Now that we have our data structures, let’s set up some simple tests for the parser.

@@ // parser_test

@@ func TestParser(t *testing.T) {
+               {
+                       name:  "zero or one modifier on a character",
+                       input: "a?",
+                       expectedResult: &Group{ChildNodes: []Node{
+                               ZeroOrOneModifier{Child: CharacterLiteral{Character: 'a'}},
+                       }},
+               },
+               {
+                       name:  "zero or one modifier on a group",
+                       input: "(ab)?",
+                       expectedResult: &Group{ChildNodes: []Node{
+                               ZeroOrOneModifier{Child: &Group{ChildNodes: []Node{
+                                       CharacterLiteral{Character: 'a'},
+                                       CharacterLiteral{Character: 'b'},
+                               }}},
+                       }},
+               },
+               {
+                       name:  "one or more modifier on a character",
+                       input: "a+",
+                       expectedResult: &Group{ChildNodes: []Node{
+                               OneOrMoreModifier{Child: CharacterLiteral{Character: 'a'}},
+                       }},
+               },
+               {
+                       name:  "one or more modifier on a group",
+                       input: "(ab)+",
+                       expectedResult: &Group{ChildNodes: []Node{
+                               OneOrMoreModifier{Child: &Group{ChildNodes: []Node{
+                                       CharacterLiteral{Character: 'a'},
+                                       CharacterLiteral{Character: 'b'},
+                               }}},
+                       }},
+               }, {
+                       name:  "zero or more modifier on a character",
+                       input: "a*",
+                       expectedResult: &Group{ChildNodes: []Node{
+                               ZeroOrMoreModifier{Child: CharacterLiteral{Character: 'a'}},
+                       }},
+               },
+               {
+                       name:  "zero or more modifier on a group",
+                       input: "(ab)*",
+                       expectedResult: &Group{ChildNodes: []Node{
+                               ZeroOrMoreModifier{Child: &Group{ChildNodes: []Node{
+                                       CharacterLiteral{Character: 'a'},
+                                       CharacterLiteral{Character: 'b'},
+                               }}},
+                       }},
+               },

As we can see from our tests, the modifier structs act as wrappers around a single Child inner Node.

Implementing this in our parser is fairly straight forward.
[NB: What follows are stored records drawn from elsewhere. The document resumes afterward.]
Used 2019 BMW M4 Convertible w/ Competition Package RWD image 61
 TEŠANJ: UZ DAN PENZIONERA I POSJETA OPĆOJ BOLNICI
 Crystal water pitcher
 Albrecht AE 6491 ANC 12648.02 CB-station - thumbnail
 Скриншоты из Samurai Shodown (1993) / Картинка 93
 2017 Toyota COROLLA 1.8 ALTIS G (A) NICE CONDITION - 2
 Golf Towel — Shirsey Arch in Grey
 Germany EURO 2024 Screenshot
We simply need to use a wrapper function, which will wrap the node if there is a modifier character present.

@@ // parser.go

@@ func (p *Parser) Parse(tokens []token) Node {
        for i, t := range p.tokens {
                switch t.symbol {
                case Character:
                        node := p.pop()
-                       node.Append(CharacterLiteral{Character: t.letter})
+                       node.Append(p.wrapWithModifier(i, CharacterLiteral{Character: t.letter}))
                        p.push(node)
                case AnyCharacter:
                        node := p.pop()
-                       node.Append(WildcardLiteral{})
+                       node.Append(p.wrapWithModifier(i, WildcardLiteral{}))
                        p.push(node)
@@				[...]
                case RParen:
                        inner := p.pop()
                        outer := p.pop()
-                       outer.Append(inner)
+                       outer.Append(p.wrapWithModifier(i, inner))
                        p.push(outer)
                }
        }

The wrapper function is p.wrapWithModifier(). let’s take a look at it’s implementation.

// parser.go

func (p *Parser) peekAhead(i int) (bool, token) {  
   nextIndex := i + 1  
  
   if nextIndex >= len(p.tokens) {  
      return false, token{}  
   }  
  
   return true, p.tokens[nextIndex]  
}  
  
func (p *Parser) wrapWithModifier(i int, child Node) Node {  
   ok, nextToken := p.peekAhead(i)  
   if ok {  
      switch nextToken.symbol {  
      case ZeroOrOne:  
         return ZeroOrOneModifier{Child: child}  
      case OneOrMore:  
         return OneOrMoreModifier{Child: child}  
      case ZeroOrMore:  
         return ZeroOrMoreModifier{Child: child}  
      }  
   }  
  
   return child  
}

We use peekAhead() to check if there’s a modifier token next, and if there is, we wrap the Node in the correct modifier. Otherwise, we return the Node as is.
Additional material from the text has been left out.